The Challenges of Data Mining

For the last five weeks, I have been onsite at a client – a regional commercial bank – building statistical models that will help them predict which noncustomers have a good chance of becoming customers; the best first product – checking account, home equity line, savings account, or CD – to offer them; and the revenue this noncustomer may bring to the bank in his/her first year. Although the project is still ongoing, it’s been one of the most fascinating I’ve worked on in a long time, not only because I love the challenge of building predictive models, but also because it reminds me of the challenges and careful considerations one must take into account when using data for strategic advantage. If you’re exploring data mining for your company’s marketing, finance, or operations efforts, you’ll appreciate these principles I’m about to share with you.
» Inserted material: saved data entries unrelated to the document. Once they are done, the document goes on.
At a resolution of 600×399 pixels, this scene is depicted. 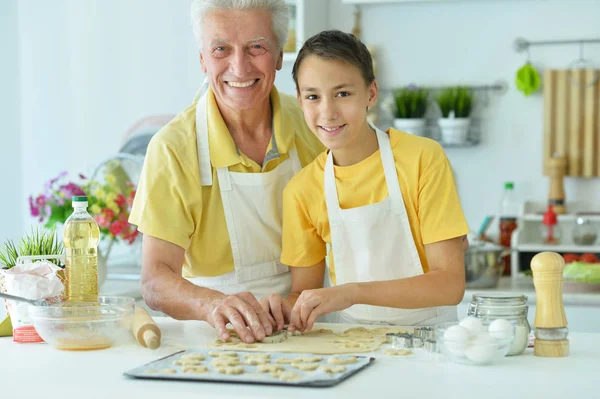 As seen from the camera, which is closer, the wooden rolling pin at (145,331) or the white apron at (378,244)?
the wooden rolling pin at (145,331)

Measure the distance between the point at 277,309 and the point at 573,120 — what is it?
7.20 feet

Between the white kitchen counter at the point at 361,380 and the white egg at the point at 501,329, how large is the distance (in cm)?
5

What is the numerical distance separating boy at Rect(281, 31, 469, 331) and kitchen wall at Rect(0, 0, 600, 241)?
1569 millimetres

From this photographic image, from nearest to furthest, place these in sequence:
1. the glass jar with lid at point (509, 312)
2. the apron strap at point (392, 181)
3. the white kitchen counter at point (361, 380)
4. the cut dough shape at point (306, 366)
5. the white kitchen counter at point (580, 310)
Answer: the white kitchen counter at point (361, 380) → the cut dough shape at point (306, 366) → the glass jar with lid at point (509, 312) → the apron strap at point (392, 181) → the white kitchen counter at point (580, 310)

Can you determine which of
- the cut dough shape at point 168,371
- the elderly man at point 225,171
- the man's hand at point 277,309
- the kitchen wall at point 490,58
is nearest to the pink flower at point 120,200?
the elderly man at point 225,171

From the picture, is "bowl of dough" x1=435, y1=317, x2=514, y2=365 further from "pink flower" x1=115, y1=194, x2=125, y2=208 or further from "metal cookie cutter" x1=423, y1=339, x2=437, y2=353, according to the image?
"pink flower" x1=115, y1=194, x2=125, y2=208

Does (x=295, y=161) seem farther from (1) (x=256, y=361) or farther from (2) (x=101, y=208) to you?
(2) (x=101, y=208)

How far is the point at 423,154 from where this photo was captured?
1814 mm

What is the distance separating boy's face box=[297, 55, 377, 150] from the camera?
1.79 metres

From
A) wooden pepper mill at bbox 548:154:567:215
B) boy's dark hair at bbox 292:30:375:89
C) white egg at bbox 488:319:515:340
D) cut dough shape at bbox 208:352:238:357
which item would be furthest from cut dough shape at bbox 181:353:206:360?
wooden pepper mill at bbox 548:154:567:215

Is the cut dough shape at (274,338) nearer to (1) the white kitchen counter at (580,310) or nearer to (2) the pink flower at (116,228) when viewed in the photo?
(1) the white kitchen counter at (580,310)

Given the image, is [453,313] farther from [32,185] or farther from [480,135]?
[32,185]

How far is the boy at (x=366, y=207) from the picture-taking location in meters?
1.76

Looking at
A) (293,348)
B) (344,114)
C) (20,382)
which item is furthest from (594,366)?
(20,382) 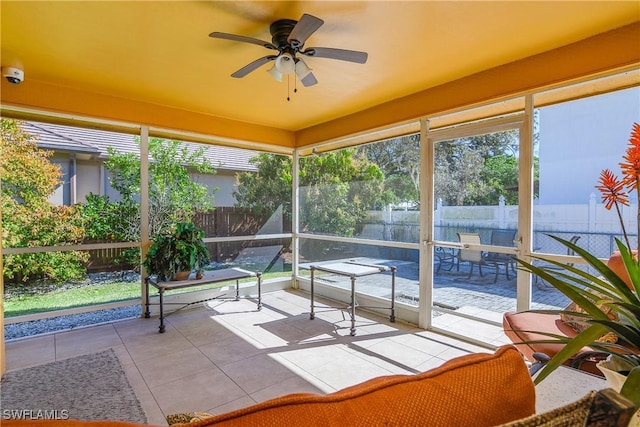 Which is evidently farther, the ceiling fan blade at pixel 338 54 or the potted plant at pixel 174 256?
the potted plant at pixel 174 256

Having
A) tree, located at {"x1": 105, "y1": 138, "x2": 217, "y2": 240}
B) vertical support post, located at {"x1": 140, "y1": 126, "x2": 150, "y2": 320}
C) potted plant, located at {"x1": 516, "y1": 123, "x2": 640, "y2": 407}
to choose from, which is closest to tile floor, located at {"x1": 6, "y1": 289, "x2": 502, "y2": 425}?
vertical support post, located at {"x1": 140, "y1": 126, "x2": 150, "y2": 320}

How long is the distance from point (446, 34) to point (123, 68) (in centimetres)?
277

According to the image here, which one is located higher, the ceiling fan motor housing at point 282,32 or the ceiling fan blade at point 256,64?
the ceiling fan motor housing at point 282,32

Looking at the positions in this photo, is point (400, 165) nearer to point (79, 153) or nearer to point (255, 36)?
point (255, 36)

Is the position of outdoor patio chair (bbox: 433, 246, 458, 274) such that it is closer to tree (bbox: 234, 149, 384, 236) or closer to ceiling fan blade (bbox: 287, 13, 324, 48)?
tree (bbox: 234, 149, 384, 236)

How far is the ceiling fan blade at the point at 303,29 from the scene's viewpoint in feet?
5.94

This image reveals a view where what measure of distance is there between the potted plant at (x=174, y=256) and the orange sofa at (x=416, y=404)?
3484mm

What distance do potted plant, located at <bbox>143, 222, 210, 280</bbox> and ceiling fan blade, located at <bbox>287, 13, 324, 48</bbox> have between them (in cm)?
265

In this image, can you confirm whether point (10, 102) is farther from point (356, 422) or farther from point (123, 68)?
point (356, 422)

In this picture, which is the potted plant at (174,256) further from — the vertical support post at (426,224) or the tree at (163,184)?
the vertical support post at (426,224)

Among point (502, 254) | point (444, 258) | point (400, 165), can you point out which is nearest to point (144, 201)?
point (400, 165)

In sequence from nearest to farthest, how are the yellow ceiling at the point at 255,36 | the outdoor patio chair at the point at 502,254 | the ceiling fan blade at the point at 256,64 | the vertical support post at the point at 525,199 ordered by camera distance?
the yellow ceiling at the point at 255,36 < the ceiling fan blade at the point at 256,64 < the vertical support post at the point at 525,199 < the outdoor patio chair at the point at 502,254

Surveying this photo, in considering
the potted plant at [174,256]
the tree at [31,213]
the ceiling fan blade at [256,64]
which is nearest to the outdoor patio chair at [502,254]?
the ceiling fan blade at [256,64]

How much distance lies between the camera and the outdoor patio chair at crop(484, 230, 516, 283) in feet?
9.82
Know What You’re Trying to Learn From the Data

Back in the early 1990s, there was a statistic that the amount of information available to the human race doubled every seven years. With the evolution of mobile technology, the Web, social media, and other “smart” technology, I wouldn’t be surprised if now the amount of data doubles every seven weeks! The constantly increasing amount of data creates new possibilities for analysis, but we must be very careful not to overwhelm ourselves with the volume of data just for the sake of analysis. Lots of data are available to us, but not all of it is relevant to our business purposes.
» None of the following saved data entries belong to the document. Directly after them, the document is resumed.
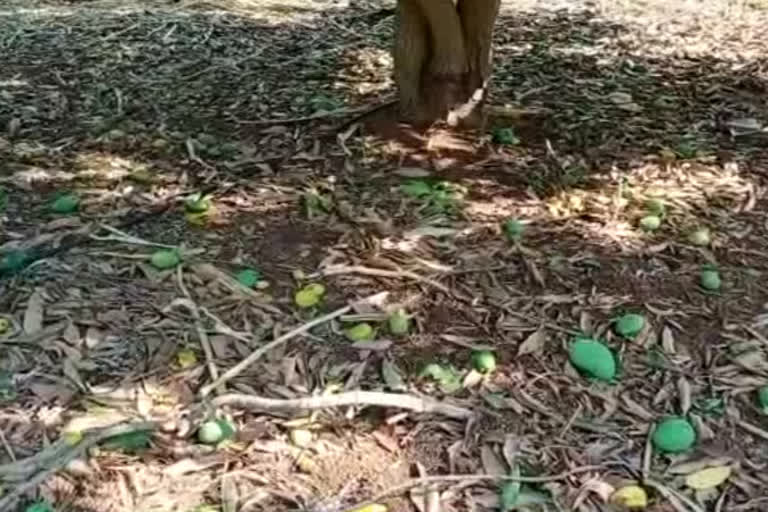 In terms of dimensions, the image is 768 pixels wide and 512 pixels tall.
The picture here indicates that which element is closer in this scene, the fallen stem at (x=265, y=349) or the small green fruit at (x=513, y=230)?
the fallen stem at (x=265, y=349)

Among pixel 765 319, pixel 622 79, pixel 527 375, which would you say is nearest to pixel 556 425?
pixel 527 375

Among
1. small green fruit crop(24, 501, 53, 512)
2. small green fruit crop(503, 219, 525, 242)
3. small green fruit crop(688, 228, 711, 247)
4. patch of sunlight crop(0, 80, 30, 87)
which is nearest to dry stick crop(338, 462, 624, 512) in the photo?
small green fruit crop(24, 501, 53, 512)

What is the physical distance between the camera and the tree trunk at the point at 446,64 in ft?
11.5

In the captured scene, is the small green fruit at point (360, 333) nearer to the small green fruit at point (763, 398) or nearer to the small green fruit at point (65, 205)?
the small green fruit at point (763, 398)

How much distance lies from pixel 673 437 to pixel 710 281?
642mm

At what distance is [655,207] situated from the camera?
3.08m

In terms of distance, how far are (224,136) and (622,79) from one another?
165cm

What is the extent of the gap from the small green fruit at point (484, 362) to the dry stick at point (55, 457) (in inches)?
27.6

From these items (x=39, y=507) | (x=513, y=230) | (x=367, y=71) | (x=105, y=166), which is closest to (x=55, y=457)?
(x=39, y=507)

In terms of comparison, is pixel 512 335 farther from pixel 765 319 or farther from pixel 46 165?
pixel 46 165

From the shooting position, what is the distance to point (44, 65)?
4441 millimetres

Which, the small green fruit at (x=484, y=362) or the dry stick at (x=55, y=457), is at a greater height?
the small green fruit at (x=484, y=362)

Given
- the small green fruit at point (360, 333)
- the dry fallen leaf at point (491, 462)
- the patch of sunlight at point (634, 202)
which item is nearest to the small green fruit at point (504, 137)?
the patch of sunlight at point (634, 202)

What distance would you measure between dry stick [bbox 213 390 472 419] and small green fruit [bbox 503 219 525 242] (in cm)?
73
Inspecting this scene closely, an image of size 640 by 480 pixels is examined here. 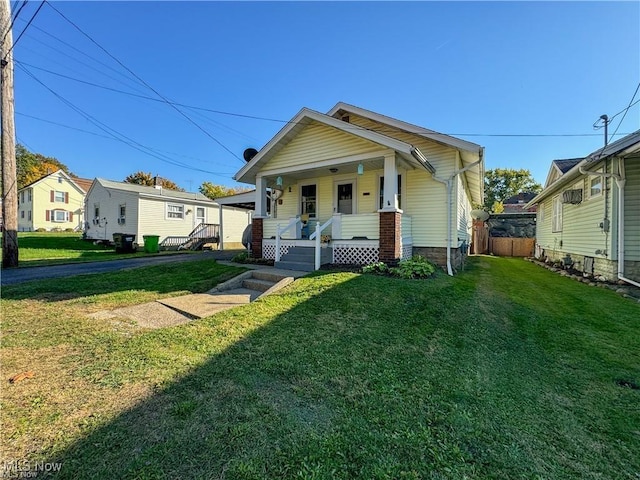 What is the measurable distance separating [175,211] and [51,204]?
2506cm

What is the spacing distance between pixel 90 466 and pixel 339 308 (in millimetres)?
3564

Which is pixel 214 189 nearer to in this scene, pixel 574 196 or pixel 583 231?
pixel 574 196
This is why it is so important to define what you’re trying to learn from the data before you attempt any analysis. One of the challenges we had to do at the bank was to define a “new customer” and a “noncustomer”. We had to decide the timeframe for when the new customer opened the account. If we picked too short a timeframe (say, March through June 2010), we would have too few data points to work with; if we picked too long a timeframe (say, all the way back to 2008), many of our “new” customers wouldn’t be so new, and their banking habits and behaviors might be very different from those who opened their accounts more recently, and that could have undesirable results for the model.

Know the Unit of Analysis for Your Project

Many large companies have data at so many levels. Banks have data at the transaction, account, individual, household, ZIP code, census tract, territory, state, and regional levels. What is the appropriate unit of analysis? It depends on your definition of the business problem and the levels of data you have access to. If the bank was trying to demonstrate compliance with lending requirements set by the Community Reinvestment Act (CRA), then it would need to analyze data at the census tract level. However, the bank is trying to acquire new adult customers. Since the bank is interested in acquiring any adult within a household, the household was a suitable unit of analysis. Besides, the only data available about prospects was overlay data from a third party data vendor, which is at the household level.
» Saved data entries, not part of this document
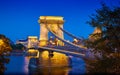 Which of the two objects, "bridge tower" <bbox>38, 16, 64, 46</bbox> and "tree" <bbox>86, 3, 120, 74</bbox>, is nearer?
"tree" <bbox>86, 3, 120, 74</bbox>

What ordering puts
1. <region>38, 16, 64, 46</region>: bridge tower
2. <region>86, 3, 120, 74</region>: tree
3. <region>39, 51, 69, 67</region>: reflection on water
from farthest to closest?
<region>38, 16, 64, 46</region>: bridge tower → <region>39, 51, 69, 67</region>: reflection on water → <region>86, 3, 120, 74</region>: tree

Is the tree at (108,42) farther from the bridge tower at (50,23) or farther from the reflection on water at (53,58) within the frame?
the bridge tower at (50,23)

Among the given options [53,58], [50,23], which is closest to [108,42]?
[53,58]

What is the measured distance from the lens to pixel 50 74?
3553cm

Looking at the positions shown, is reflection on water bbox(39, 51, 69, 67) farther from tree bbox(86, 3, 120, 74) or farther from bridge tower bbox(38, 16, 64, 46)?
tree bbox(86, 3, 120, 74)

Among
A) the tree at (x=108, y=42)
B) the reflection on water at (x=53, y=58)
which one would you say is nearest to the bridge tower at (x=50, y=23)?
the reflection on water at (x=53, y=58)

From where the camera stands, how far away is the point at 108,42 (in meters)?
8.71

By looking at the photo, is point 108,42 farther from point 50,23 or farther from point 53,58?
point 50,23

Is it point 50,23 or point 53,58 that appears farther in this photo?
point 50,23

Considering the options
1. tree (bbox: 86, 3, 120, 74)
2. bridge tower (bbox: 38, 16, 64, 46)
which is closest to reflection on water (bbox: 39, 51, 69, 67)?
bridge tower (bbox: 38, 16, 64, 46)

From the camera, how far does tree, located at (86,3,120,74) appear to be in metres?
8.55

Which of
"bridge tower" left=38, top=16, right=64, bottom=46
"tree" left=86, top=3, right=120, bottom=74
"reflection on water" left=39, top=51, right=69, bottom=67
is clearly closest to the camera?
"tree" left=86, top=3, right=120, bottom=74

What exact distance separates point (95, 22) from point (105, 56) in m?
0.98

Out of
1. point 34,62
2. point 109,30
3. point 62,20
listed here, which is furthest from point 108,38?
point 62,20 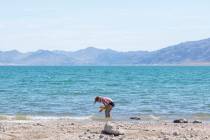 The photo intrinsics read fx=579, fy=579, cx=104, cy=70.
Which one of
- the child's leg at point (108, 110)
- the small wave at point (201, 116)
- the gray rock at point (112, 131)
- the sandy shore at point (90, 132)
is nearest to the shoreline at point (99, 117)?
the small wave at point (201, 116)

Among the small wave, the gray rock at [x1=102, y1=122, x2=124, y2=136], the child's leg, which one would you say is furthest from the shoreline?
the gray rock at [x1=102, y1=122, x2=124, y2=136]

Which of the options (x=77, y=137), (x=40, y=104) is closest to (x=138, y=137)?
(x=77, y=137)

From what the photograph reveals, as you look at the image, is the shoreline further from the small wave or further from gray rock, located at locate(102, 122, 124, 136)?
gray rock, located at locate(102, 122, 124, 136)

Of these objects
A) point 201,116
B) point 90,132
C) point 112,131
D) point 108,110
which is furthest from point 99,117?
point 112,131

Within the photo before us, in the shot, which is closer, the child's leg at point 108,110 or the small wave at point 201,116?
the child's leg at point 108,110

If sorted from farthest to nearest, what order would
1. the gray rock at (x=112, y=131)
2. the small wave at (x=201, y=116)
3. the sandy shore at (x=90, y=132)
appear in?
the small wave at (x=201, y=116)
the gray rock at (x=112, y=131)
the sandy shore at (x=90, y=132)

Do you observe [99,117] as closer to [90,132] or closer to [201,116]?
[201,116]

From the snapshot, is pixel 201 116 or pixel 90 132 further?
pixel 201 116

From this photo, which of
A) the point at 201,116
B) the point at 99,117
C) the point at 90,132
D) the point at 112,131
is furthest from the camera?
the point at 201,116

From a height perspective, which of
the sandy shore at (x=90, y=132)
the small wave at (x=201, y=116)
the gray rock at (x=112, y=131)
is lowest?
the small wave at (x=201, y=116)

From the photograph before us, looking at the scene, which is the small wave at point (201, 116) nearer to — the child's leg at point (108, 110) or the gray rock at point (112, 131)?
the child's leg at point (108, 110)

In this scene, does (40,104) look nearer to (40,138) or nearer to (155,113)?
(155,113)

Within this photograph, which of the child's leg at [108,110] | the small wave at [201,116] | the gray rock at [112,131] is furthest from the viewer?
the small wave at [201,116]

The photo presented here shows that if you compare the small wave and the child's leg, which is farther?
the small wave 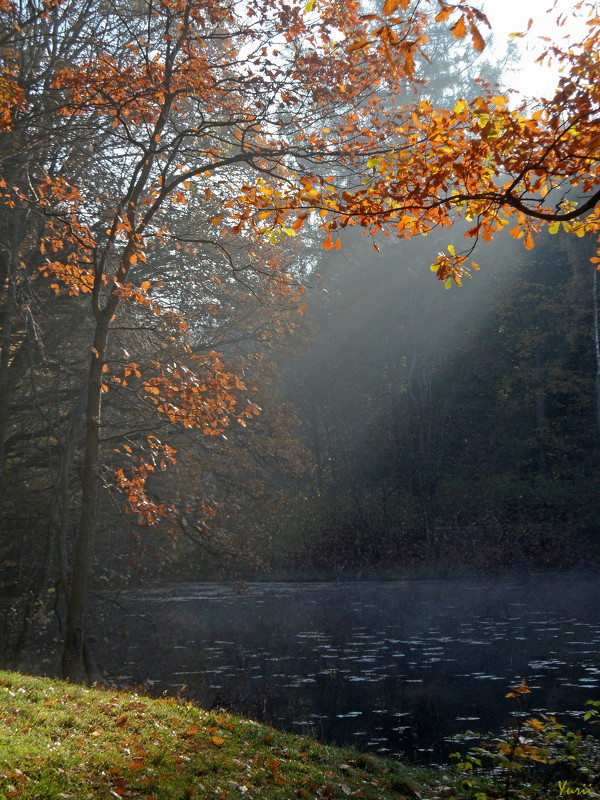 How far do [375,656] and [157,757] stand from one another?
955 centimetres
Sometimes you need data at a level of analysis that you don’t have. Let’s say that you need to analyze at the ZIP code level, but only have household data. In that case, you need to roll-up or summarize your data at that level – that is, you transpose your data to the appropriate level of granularity. But what if you needed data at a lower level of granularity than what you currently have, like having ZIP code data but needing a household-level of analysis? Unless you have a way of segmenting your ZIP code data down to the household level, you either cannot perform the analysis, or you must start from scratch collecting the household-level data.

Understand the Business Rules Governing Use of Data

Many businesses are subject to laws, regulations, and internal business policies that restrict the activities they perform and the manner in which they perform those activities. Banks are no exception. In fact, I’d argue that banks are the rule! In running one of the models, I found that a household’s likelihood of acquiring a checking account was much greater if it was a married-couple household. But the bank’s policies forbid it to market products on the basis of marital status! So, we had to go back to the drawing board. Fortunately, we had a way of estimating the number of adults in the household, which we used as a proxy for marital status. What was nice about this approach was that it took into account different household dynamics: the presence of grown children residing with parents; an aged parent living in his/her adult child’s home; domestic partnerships; and cohabiting couples. As a result, we had a predictor model that would be nondiscriminatory to certain demographics.

Before you work with any data, it is vital that you talk to the compliance officers who oversee the restrictions on marketing, privacy, and other uses of customer data.

Understand the History of the Data

The history of a business and its practices often shapes that data you will have to analyze. Just because a business no longer engages in a particular practice, those past activities can affect the results you get from your model. A few months before this project with the bank, I was working on a mailing list for another client. I noticed that many – as much as five percent – of the customers on the list were age 98, which was very bizarre. So I looked at the birthdates of these nonagenarians and almost all of them had the same birthdate: November 11, 1911. Their birthdates had been populated as 11/11/1111! What happened was that this client has previously required the birthdate to be entered for each of its customers. However, when data was being entered, many past employees attempted to bypass it by entering eight 1s into the birthdate field! Although the practice of requiring birthdates for customers had long been rescinded, the client’s data still reflected those past practices. Without knowledge of this previous practice, a model based on age could have caused the client to market to a much older group of people than it should have.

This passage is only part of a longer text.